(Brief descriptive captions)
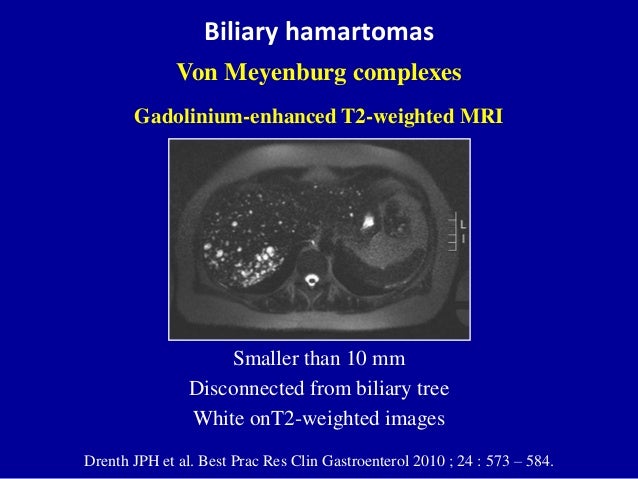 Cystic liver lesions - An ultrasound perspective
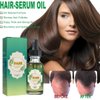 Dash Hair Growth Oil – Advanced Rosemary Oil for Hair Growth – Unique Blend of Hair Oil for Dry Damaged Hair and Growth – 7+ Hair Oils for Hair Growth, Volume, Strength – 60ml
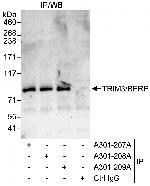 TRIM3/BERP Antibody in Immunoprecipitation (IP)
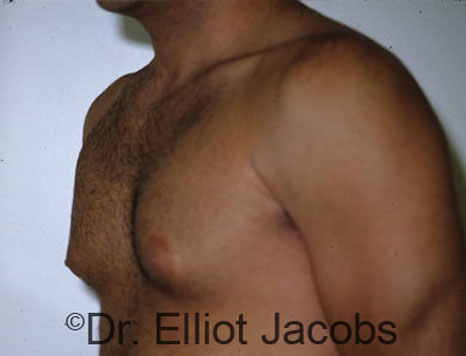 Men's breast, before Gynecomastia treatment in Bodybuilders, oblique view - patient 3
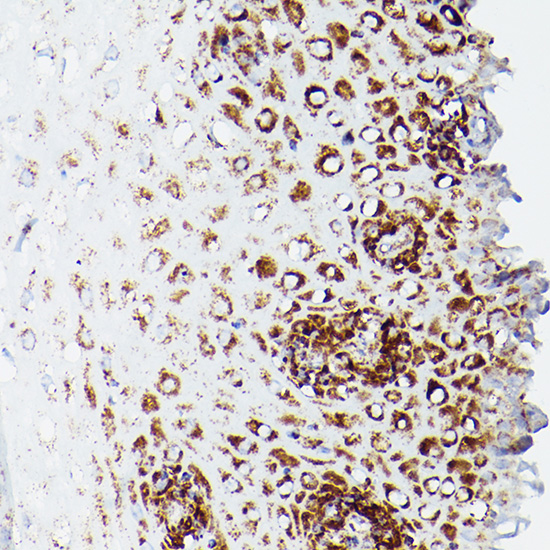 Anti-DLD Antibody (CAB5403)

— WHAT IS NEEDED —
In the data above, find the line with "Dash Hair Growth" and repeat it and every line after it through the end, exactly; leave the pictures out.

— ANSWER TO THIS TASK —
 Dash Hair Growth Oil – Advanced Rosemary Oil for Hair Growth – Unique Blend of Hair Oil for Dry Damaged Hair and Growth – 7+ Hair Oils for Hair Growth, Volume, Strength – 60ml
 TRIM3/BERP Antibody in Immunoprecipitation (IP)
 Men's breast, before Gynecomastia treatment in Bodybuilders, oblique view - patient 3
 Anti-DLD Antibody (CAB5403)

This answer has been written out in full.